> _Given information_
★ ★ ★ ★ ★
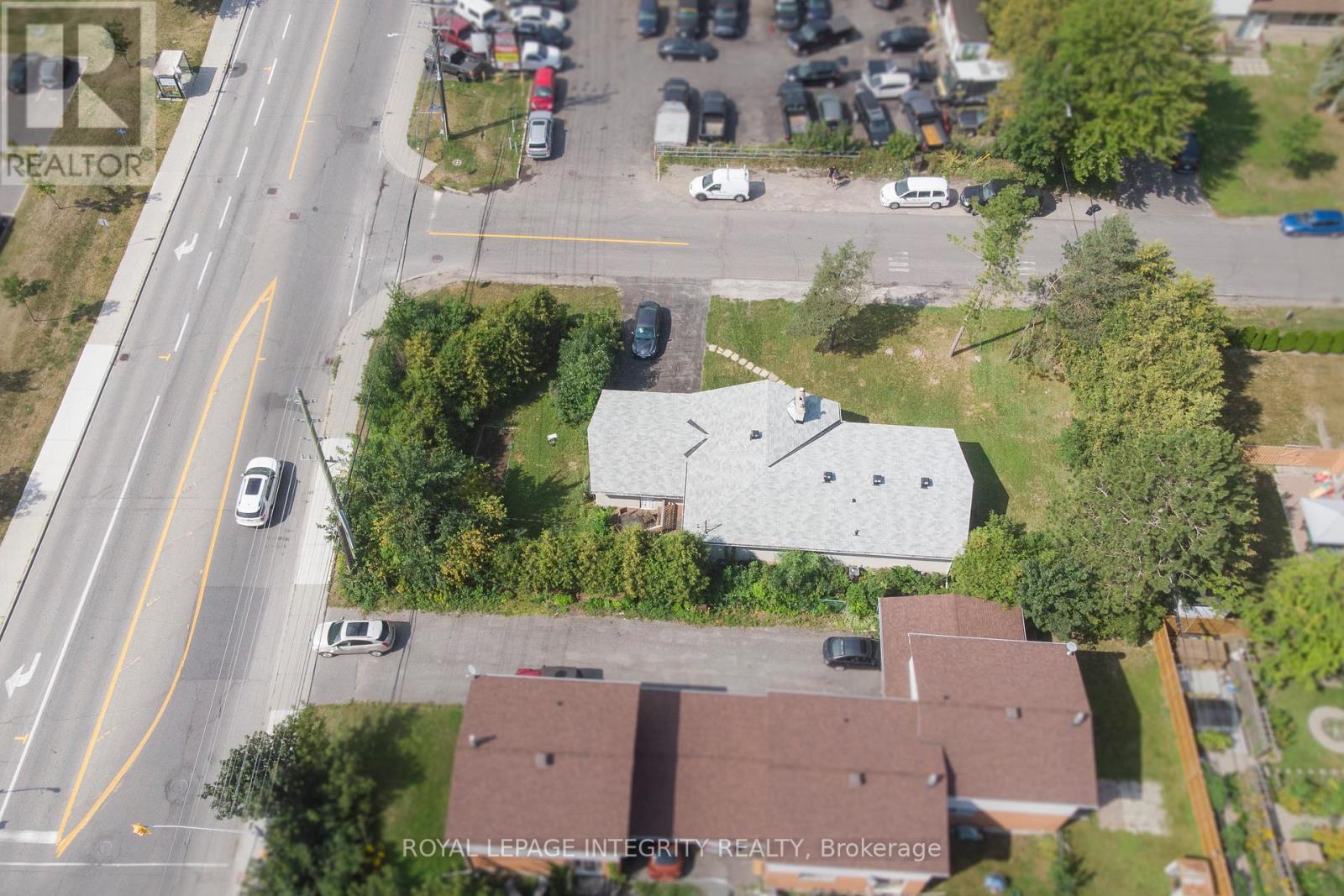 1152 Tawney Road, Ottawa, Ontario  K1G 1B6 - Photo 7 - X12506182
★ ★ ★ ★ ★
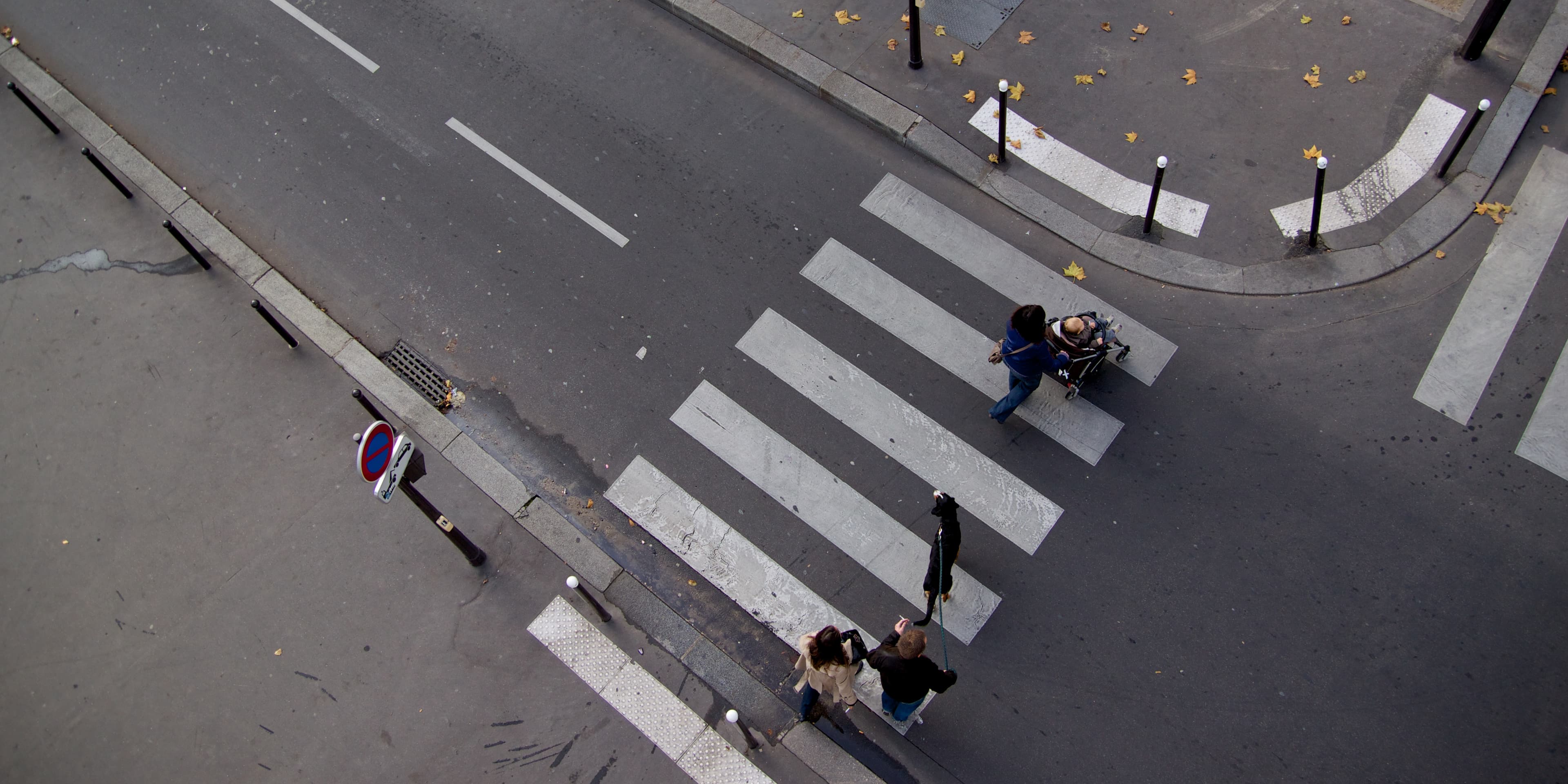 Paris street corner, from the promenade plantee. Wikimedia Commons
★ ★ ★ ★ ★
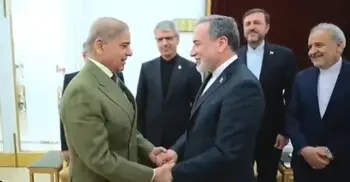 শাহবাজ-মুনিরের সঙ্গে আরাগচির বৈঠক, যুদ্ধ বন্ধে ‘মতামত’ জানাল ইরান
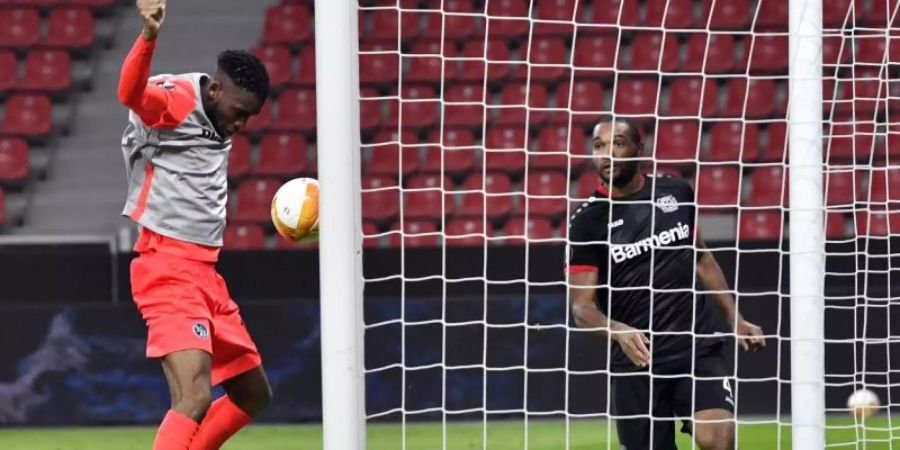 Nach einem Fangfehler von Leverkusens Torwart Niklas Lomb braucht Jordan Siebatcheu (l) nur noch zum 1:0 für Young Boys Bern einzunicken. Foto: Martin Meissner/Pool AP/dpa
★ ★ ★ ★ ★
Please copy the lines above exactly, starting at the line that holds "শাহবাজ-মুনিরের সঙ্গে আরাগচির" and ending at the line that holds "Nach einem Fangfehler"; include both, but no pictures.

> _Task solution_
 শাহবাজ-মুনিরের সঙ্গে আরাগচির বৈঠক, যুদ্ধ বন্ধে ‘মতামত’ জানাল ইরান
 Nach einem Fangfehler von Leverkusens Torwart Niklas Lomb braucht Jordan Siebatcheu (l) nur noch zum 1:0 für Young Boys Bern einzunicken. Foto: Martin Meissner/Pool AP/dpa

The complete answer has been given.